I’m not here to talk about what Radcliffe or Goucher or even Galen Rupp were working on, the point is that they all were working on something. Whether it was foot strike, arm stroke, or some other slight change in watching the group and then in talking with Salazar after, it was obvious the importance that mechanics were given. So it does not surprise me that Ritzenhein is the latest to get a mechanics makeover.
It’s strange to think that a man known for his horrible running style would be so adamant about the importance of running form, but that’s where were at. At the tail end of his career, Salazar worked with my coaching mentor, Tom Tellez, and said that that was what got him thinking about the importance of running mechanics. Since then, it seems like Salazar has tried to meld the distance and sprint/mechanics side of the sports.
The point of all this is that for too long there has been this concept that “you are stuck with what you got.” For some reason, we spend endless hours working on perfecting skills like throwing a baseball or hitting a golf ball but take the skill of running for granted. And make no mistake, it is a skill.
The research is rather interesting in this regard. With many animals walking or running are largely lower level nervous system activities. In many instances, the motor program is mostly at the spinal cord level through something called the Central Pattern Generator (Molinari, 2009). In studies on animals and humans with spine lesions that prevent higher level (i.e. the Brain) communication to the legs, animals can be retrained to have a walking pattern that somewhat mimics their normal gait (Duysens, 2005). People on the other hand can be reatrained to have a sort of walking movement with assistance but it is not near as normal as the animals. The reason is likely that the animals walking pattern relies on the lower level pattern, while humans use more of a mixture of both higher and lower level nervous system control. The higher level nervous system is believed to be more susceptible to learning/development.

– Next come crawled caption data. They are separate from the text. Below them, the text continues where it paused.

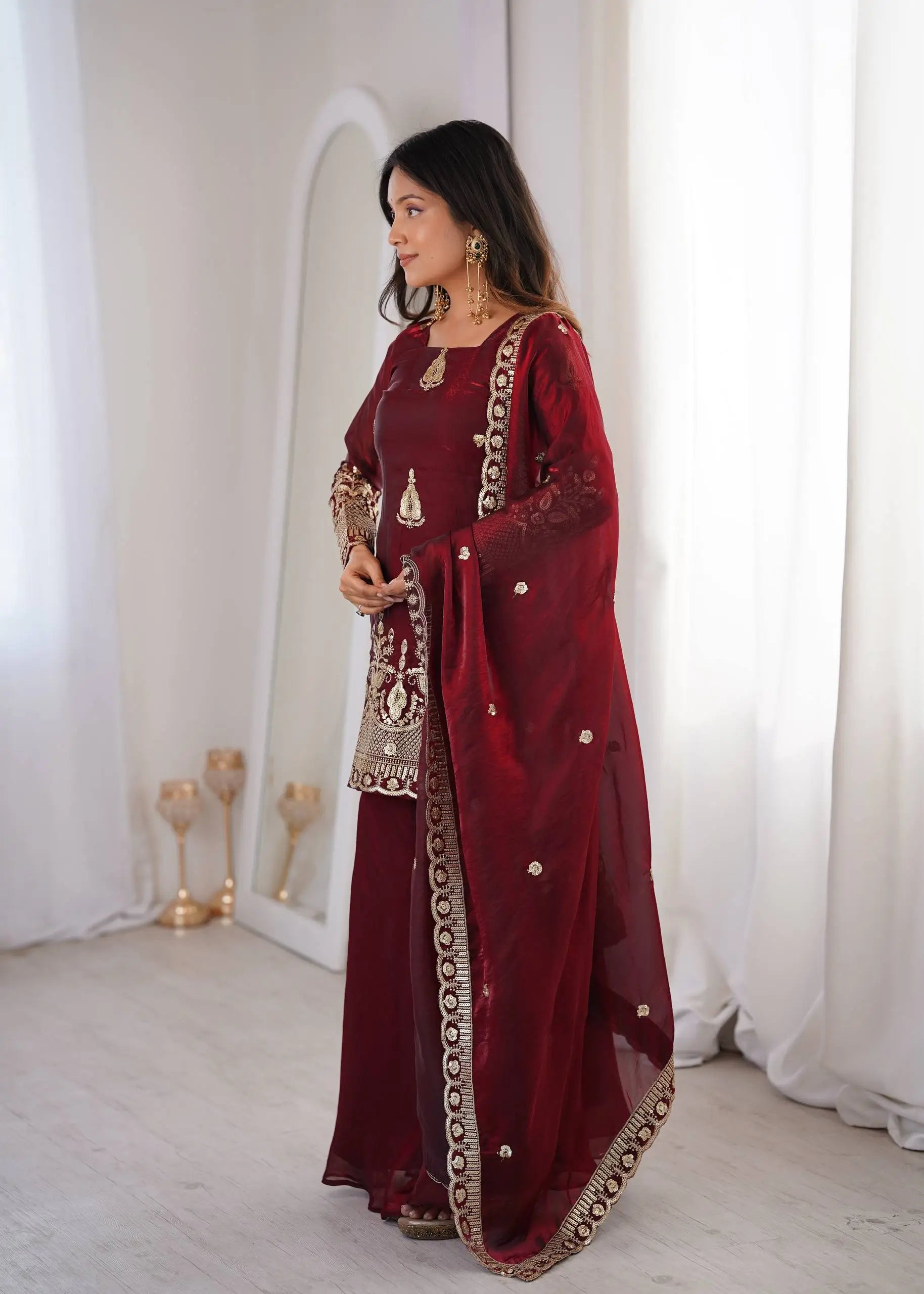 Red Elegant Fendy Silk Sharara Suit Set for Festive and marriage guest outfit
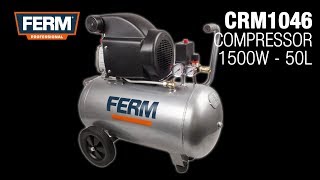 FERM Compressor 1500W  50L  Working pressure 08 bar  CRM1046 [upl. by Rehpotsirhcnhoj]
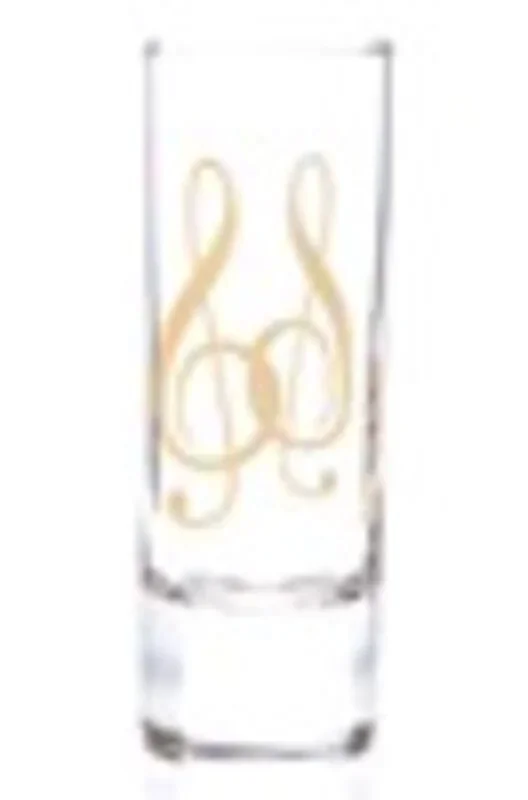 Shot Glass G Clef Clear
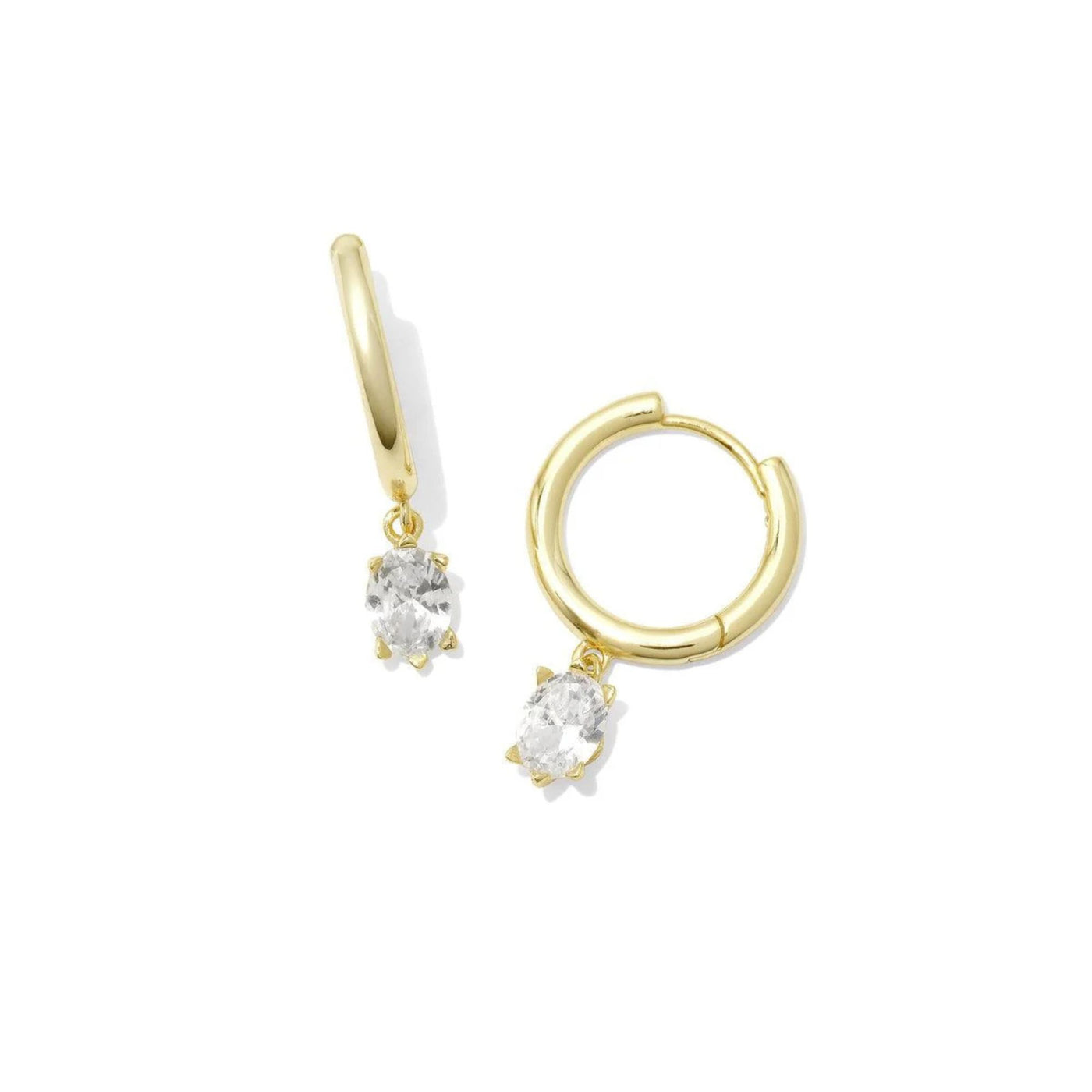 Cailin Single Stone Huggie Gold White Crystal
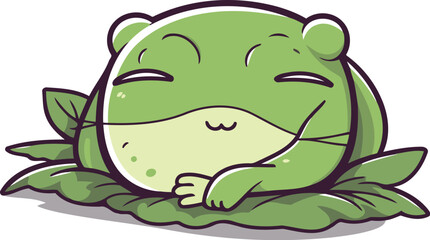 Grinning frog character cartoon style vector illustration. Funny frog mascot.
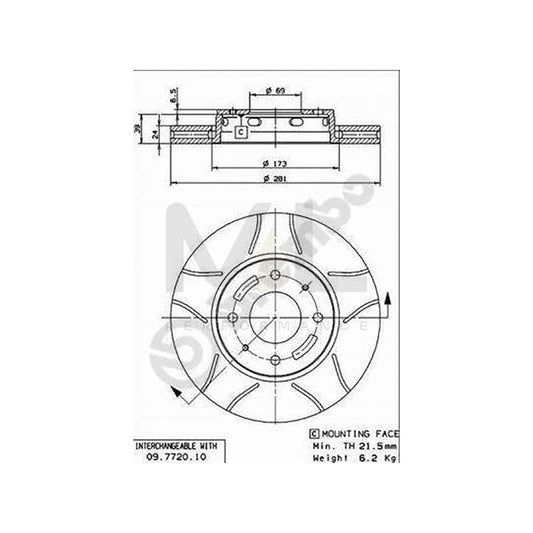 BREMBO MAX LINE 09.7720.75 Brake Disc Internally Vented, Slotted, Coated | ML Performance Car Parts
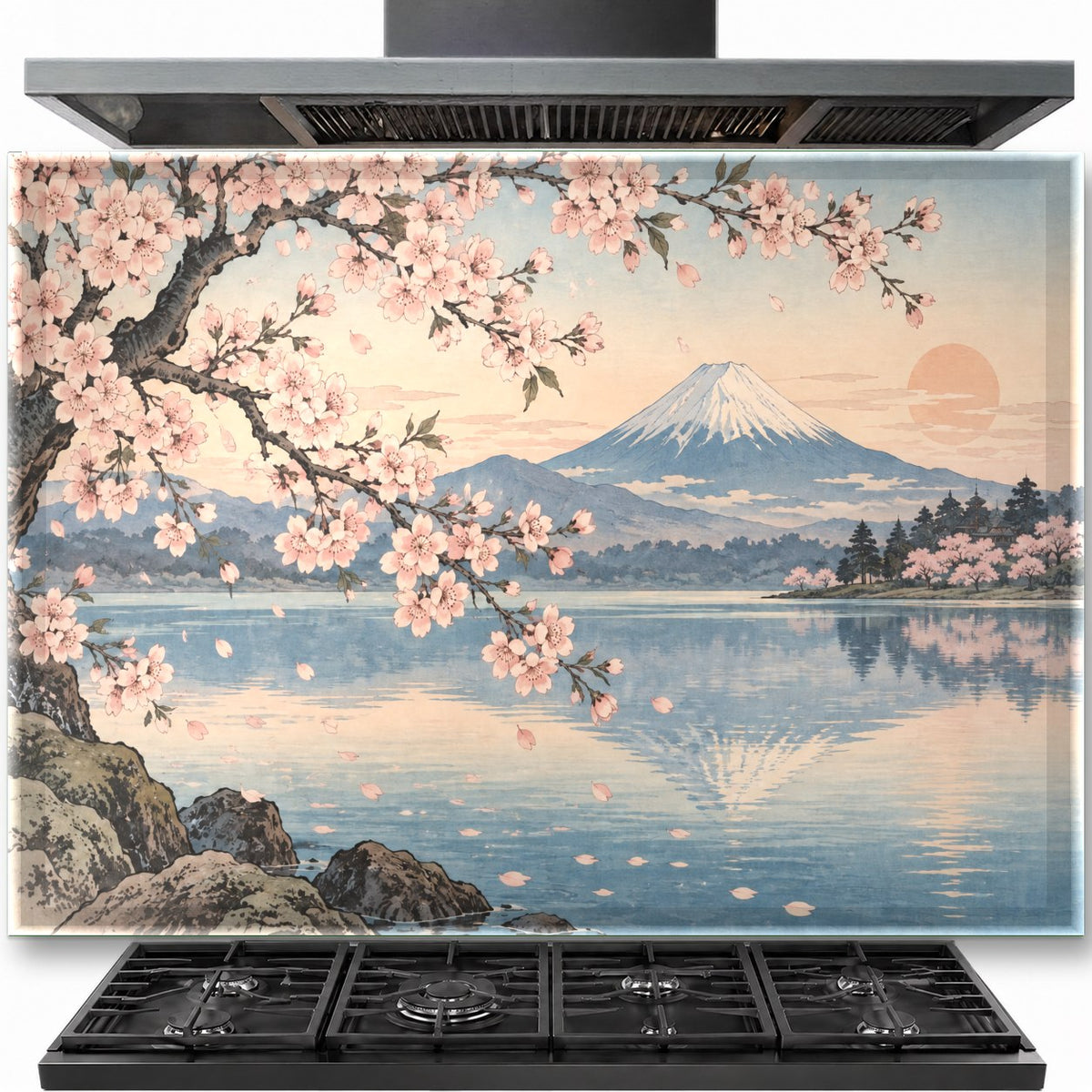 Fuji Blossom tempered glass backsplash installed behind a modern kitchen stove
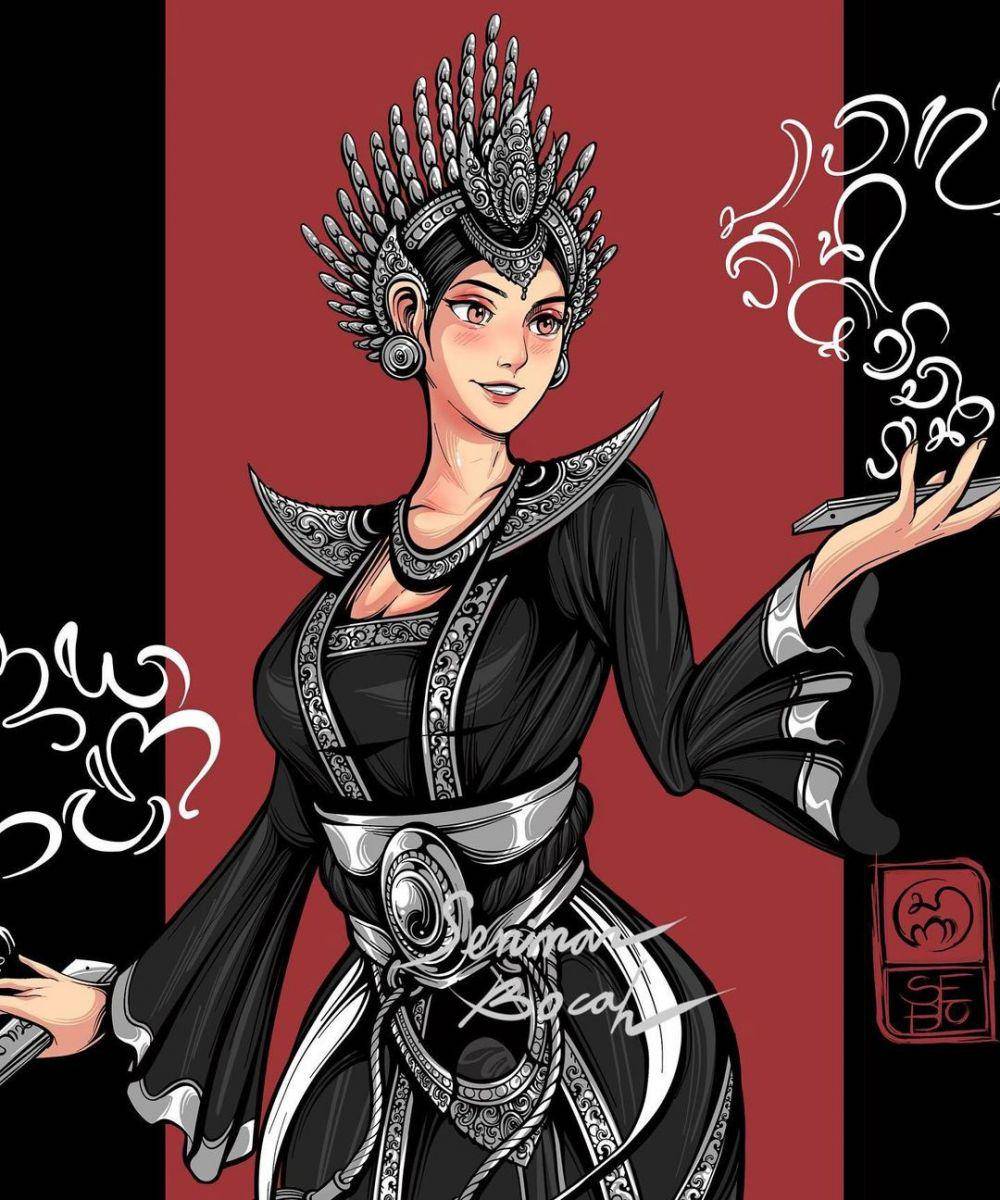 Putri Indonesia 2022 mengenakan kostum Rejang Aksara. (instagram.com/seniman.bocah)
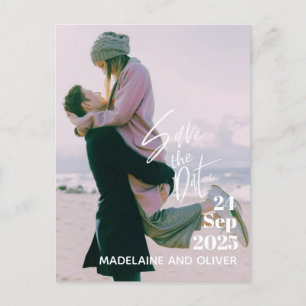 Carte Postale Faire-part Mariage Photo Overlay Moderne Élégant Enregistrer 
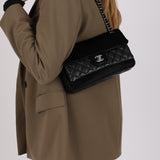 Chanel Small Double Flap Black Crinkled Calfskin and Ponyhair 2005 DSHW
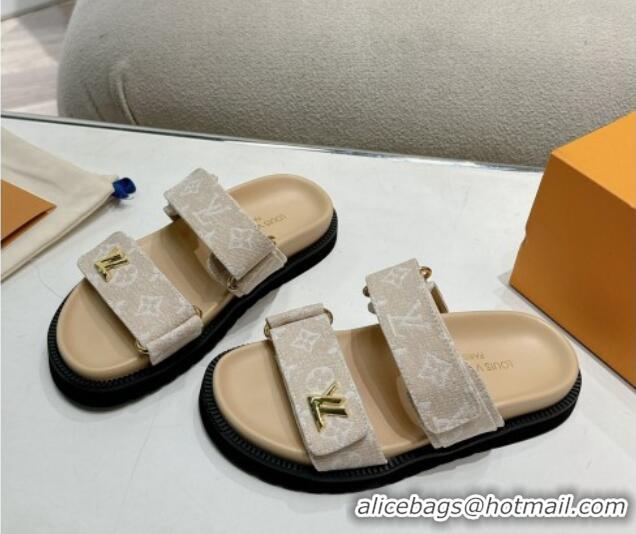 Good Quality Louis Vuitton Bom V Sunset Flat Comfort Slides Sandal in Denim Beige 703092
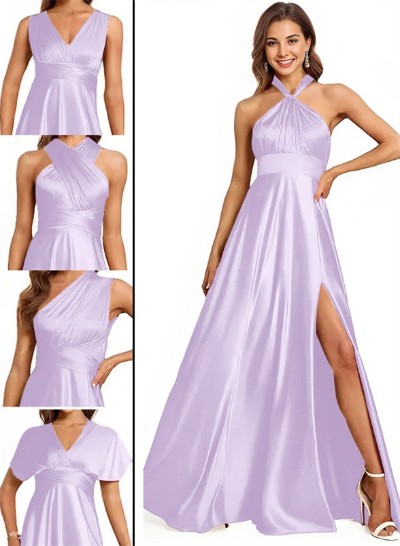 A-Line Halter One Shoulder V-Neck Floor-Length Silk Like Satin Bridesmaid Dress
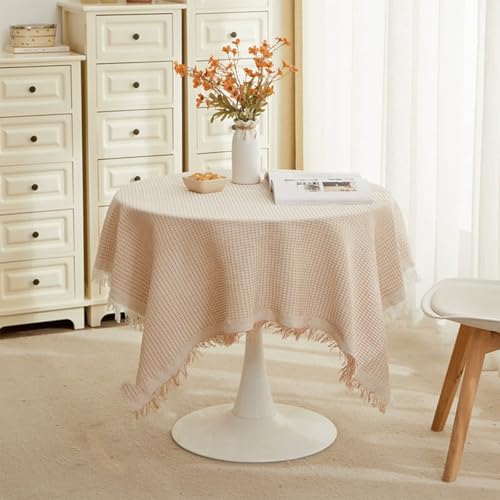 Mozzeilee Runde Tischdecke mit Quasten, staubdicht, Tischdecke für Küche, Picknick, Esszimmer, Tischdekoration, langlebig, knitterfrei, waschbar, Tischdecke (Kaffee, 140 x 140 cm) von Mozzeilee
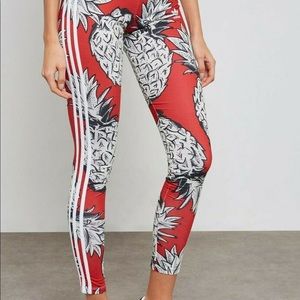 Red Adidas Originals Pineapple Print Farm Tights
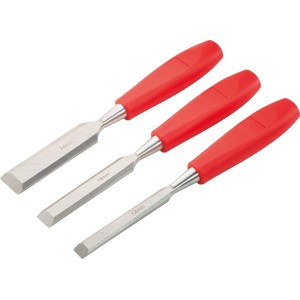Zestaw dłut Ellix, 3-częściowy z czerwonymi plastikowymi uchwytami, rozmiary 12, 18 i 24 mm.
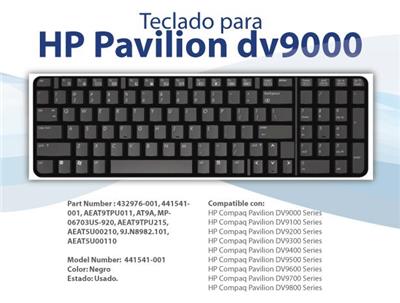Teclado para HP Compaq DV9000 Español Negro - Compatible con P/N 441541-161 Compaq DV9000 Series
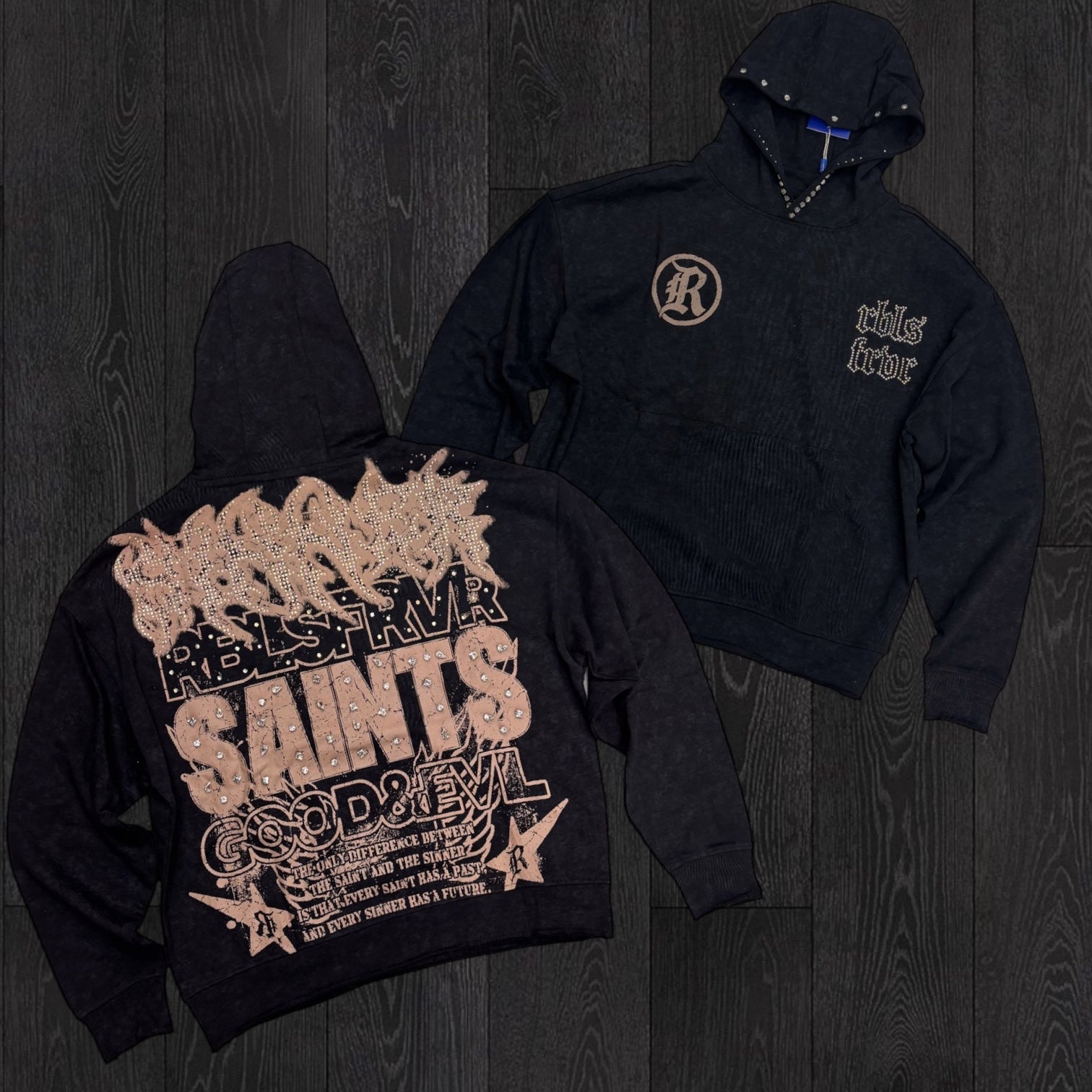 R3 - Sinner Rhinestone Hoodie - Black - 365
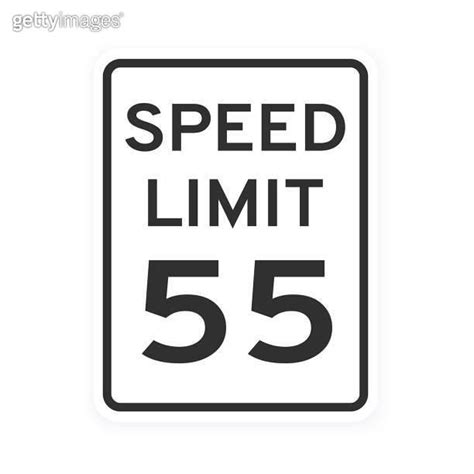 Speed Limit 55 Road Traffic Icon Sign Flat Style Design Vector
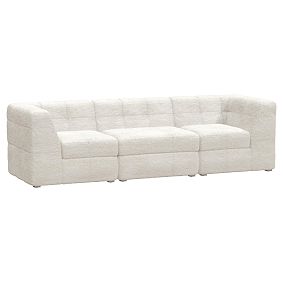 Baldwin Storage Sofa Set, Recycled Sherpa Ivory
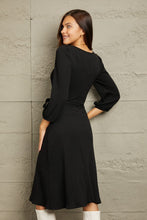 Load image into Gallery viewer, Surplice Flare Ruching Dress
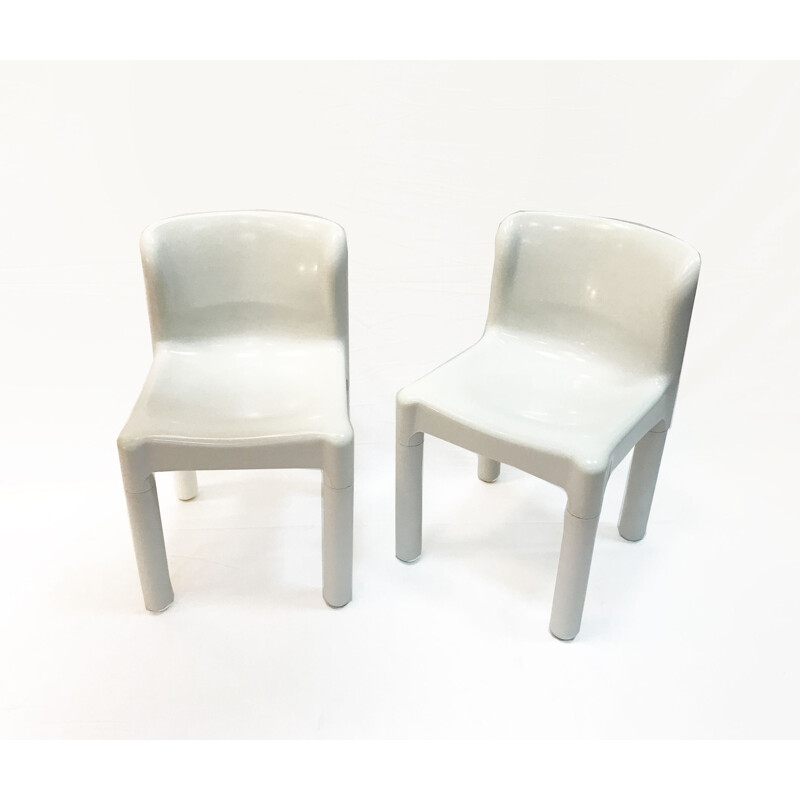 Paire de chaises vintage 4875 par Carlo Bartoli pour Kartell, Italie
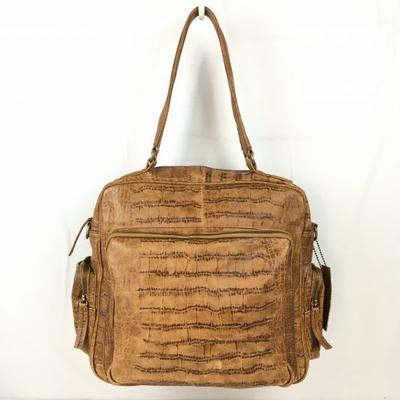 Connie Line Genuine Leather Boston Bag Brown Multiple Pockets Shoulder Carry(USED)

At one time it had been thought that improvement in motor learning only occurred at the higher levels such as in the motor cortex in the brain. However, recent evidence has demonstrated that even at a spinal cord level, the movement pattern can be refined (Molinari, 2009). The movement pattern is generally improved by a better coordination of activating just the right amount of motor units to do the work, improving the cycling of motor unit activation, and decreasing the level of co-activation (when the opposing muscle is active at the same time as the main muscle). Additionally, as a movement becomes well refined, it is believed that the CNS becomes better at using all of the sensory information that is receiving, essentially weeding out the pertinent versus inconsequential information better than when first learning how to move.
Take a Chance
Carl Lewis set the national High School long jump record during his prep days. When he came to college, coach Tellez switched his takeoff leg. If letsrun or blogs were around back then, this change would have been ridiculed to no end. However, history shows it worked out pretty well. The point is that sometimes with top athletes or even with average athletes, we are afraid to change. It’s much easier to take the safe route and not change anything. With top athletes, many times we are afraid to coach them. This is the wrong approach. If you know what you are doing, be confident and make the change.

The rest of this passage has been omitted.